66. The compound of claim 65, wherein: R 1a It is hydrogen or methyl; R 1d Independently selected from hydrogen, halogenated, methyl groups substituted with one or more halogenated groups, and C groups optionally substituted with fluorine. 3-5 cycloalkyl, or -CN; R 2 It is C 1-8 alkyl; R 6 It is hydrogen or methyl; and R 7 It is hydrogen.

67. The compound of claim 65 or 66, wherein R 1d It is independently selected from hydrogen, -F, -Br, -I, -CF3, cyclopropyl, fluorocyclopropyl, cyclobutyl or -CN.

68. The compound according to any one of claims 65-67, wherein Y' is N.

69. The compound according to any one of claims 65-68, wherein Y' is C(R) 1d ).

70. A compound, or its N-oxide, or its pharmaceutically acceptable salt, or its stereoisomer, or its tautomer, or its deuterated analogue, selected from:

71. A pharmaceutical composition comprising the compound of any one of claims 1-70, its N-oxide, its pharmaceutically acceptable salt, its stereoisomer, its tautomer, its deuterated analogue, and a pharmaceutically acceptable excipient.

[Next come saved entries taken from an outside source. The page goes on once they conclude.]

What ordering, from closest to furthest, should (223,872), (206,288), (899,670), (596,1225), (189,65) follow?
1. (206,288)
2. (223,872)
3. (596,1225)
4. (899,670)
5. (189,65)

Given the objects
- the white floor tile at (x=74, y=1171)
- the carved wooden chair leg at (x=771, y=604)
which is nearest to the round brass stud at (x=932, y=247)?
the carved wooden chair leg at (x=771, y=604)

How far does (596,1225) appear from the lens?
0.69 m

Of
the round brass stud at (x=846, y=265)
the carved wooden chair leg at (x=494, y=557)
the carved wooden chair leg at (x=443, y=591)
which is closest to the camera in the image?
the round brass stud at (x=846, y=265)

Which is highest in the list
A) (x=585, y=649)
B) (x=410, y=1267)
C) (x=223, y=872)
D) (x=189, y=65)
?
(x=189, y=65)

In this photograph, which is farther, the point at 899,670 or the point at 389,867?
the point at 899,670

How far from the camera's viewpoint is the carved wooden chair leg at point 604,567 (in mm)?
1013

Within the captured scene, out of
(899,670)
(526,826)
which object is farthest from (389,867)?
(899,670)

72. A method for inhibiting PRMT5 activity, the method comprising administering to a subject in need an effective amount of the compound as described in any one of claims 1-70, or its N-oxide, or a pharmaceutically acceptable salt, stereoisomer, tautomer, or deuterated analog thereof.

73. A method of treating a disease regulated by PRMT5, the method comprising administering to a subject in need an effective amount of the compound as described in any one of claims 1-70, or its N-oxide, or a pharmaceutically acceptable salt, stereoisomer, tautomer, or deuterated analog thereof.

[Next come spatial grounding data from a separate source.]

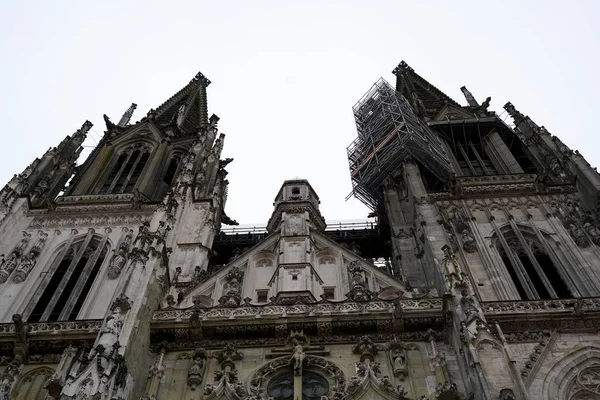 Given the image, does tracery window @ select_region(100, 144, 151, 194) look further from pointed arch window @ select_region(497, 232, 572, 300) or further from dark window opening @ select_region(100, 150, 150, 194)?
pointed arch window @ select_region(497, 232, 572, 300)

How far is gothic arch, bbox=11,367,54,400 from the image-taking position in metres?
15.2

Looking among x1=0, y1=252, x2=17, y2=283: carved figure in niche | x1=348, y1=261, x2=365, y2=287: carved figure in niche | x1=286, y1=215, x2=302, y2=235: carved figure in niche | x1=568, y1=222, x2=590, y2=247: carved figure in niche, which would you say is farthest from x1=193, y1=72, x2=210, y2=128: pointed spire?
x1=568, y1=222, x2=590, y2=247: carved figure in niche

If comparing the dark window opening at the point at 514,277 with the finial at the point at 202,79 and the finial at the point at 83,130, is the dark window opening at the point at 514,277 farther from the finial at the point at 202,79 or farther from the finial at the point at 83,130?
the finial at the point at 202,79

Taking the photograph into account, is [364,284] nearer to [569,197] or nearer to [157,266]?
[157,266]

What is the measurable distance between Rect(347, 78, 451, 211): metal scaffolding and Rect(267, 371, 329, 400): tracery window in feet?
41.3

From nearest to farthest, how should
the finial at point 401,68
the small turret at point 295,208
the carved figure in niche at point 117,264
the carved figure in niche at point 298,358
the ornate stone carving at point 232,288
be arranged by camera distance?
the carved figure in niche at point 298,358
the ornate stone carving at point 232,288
the carved figure in niche at point 117,264
the small turret at point 295,208
the finial at point 401,68

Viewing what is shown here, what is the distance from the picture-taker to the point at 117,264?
20547 mm

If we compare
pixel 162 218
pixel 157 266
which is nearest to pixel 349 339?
pixel 157 266

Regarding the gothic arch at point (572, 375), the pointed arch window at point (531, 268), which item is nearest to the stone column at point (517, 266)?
the pointed arch window at point (531, 268)

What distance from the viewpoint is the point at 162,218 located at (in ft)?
65.2

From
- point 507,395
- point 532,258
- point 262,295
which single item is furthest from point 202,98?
point 507,395

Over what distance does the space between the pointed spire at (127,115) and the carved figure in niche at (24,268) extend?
1434 cm

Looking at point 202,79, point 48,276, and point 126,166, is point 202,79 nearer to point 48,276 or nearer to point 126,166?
point 126,166

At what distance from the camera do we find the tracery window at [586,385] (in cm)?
1425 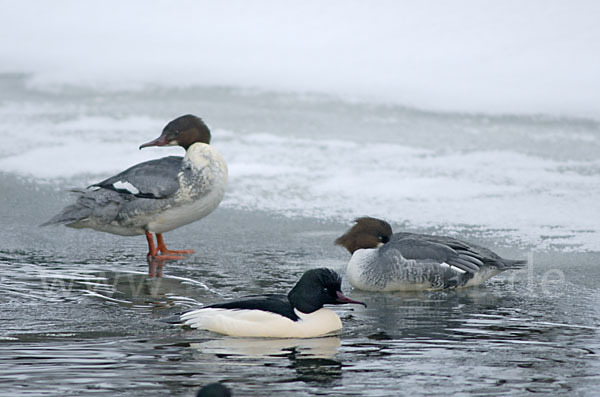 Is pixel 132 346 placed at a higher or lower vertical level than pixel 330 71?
lower

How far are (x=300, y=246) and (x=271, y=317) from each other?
2.09 meters

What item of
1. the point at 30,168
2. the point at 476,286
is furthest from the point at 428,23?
the point at 476,286

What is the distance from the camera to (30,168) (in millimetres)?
8719

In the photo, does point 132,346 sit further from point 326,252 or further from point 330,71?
point 330,71

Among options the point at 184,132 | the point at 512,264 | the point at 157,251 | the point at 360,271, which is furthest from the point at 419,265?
the point at 184,132

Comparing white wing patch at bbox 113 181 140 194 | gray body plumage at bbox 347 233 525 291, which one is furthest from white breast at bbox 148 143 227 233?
gray body plumage at bbox 347 233 525 291

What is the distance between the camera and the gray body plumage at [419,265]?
5789mm

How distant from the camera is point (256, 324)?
4.63 metres

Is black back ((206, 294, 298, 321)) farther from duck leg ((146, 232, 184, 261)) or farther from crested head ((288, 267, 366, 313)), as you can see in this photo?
duck leg ((146, 232, 184, 261))

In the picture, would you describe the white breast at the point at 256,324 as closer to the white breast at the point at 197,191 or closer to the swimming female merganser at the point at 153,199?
the swimming female merganser at the point at 153,199

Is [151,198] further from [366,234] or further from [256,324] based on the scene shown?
[256,324]

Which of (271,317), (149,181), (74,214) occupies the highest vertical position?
(149,181)

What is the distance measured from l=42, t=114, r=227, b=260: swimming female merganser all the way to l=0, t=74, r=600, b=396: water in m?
0.23

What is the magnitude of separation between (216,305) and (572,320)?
1867mm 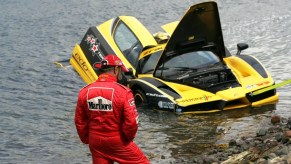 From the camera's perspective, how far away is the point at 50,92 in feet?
47.6

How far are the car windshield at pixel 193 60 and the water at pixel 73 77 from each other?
1.16m

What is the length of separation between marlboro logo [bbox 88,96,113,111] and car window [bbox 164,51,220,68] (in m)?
6.73

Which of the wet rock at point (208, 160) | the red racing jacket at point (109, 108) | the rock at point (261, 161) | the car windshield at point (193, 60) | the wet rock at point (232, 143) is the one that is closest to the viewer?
the red racing jacket at point (109, 108)

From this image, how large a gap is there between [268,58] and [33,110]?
21.7 ft

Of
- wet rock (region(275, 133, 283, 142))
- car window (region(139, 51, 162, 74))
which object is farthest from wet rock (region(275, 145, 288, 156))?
car window (region(139, 51, 162, 74))

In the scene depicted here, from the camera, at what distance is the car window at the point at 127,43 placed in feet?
44.6

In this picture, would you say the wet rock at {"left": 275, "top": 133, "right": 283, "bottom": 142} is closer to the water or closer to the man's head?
the water

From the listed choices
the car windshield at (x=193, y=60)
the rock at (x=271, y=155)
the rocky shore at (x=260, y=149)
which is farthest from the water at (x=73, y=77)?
the rock at (x=271, y=155)

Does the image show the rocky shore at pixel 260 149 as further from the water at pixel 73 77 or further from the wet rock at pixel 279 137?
the water at pixel 73 77

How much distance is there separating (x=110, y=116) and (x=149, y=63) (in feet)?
23.2

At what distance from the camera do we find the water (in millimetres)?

74. A method of treating cancer, the method comprising administering to a subject in need an effective amount of a compound as described in any one of claims 1-70, or its N-oxide, or a pharmaceutically acceptable salt thereof, or its stereoisomer, or its tautomer, or its deuterated analog thereof.

75. The method of claim 73, wherein the disease is cancer.

76. The method of claim 74 or 75, wherein the cancer comprises methionine phosphorylase (MTAP)-empty solid tumor.

77. The method of any one of claims 74-76, wherein the cancer is lung cancer, bladder cancer, melanoma, pancreatic cancer, esophageal cancer, gastric adenocarcinoma, breast cancer, or glioblastoma.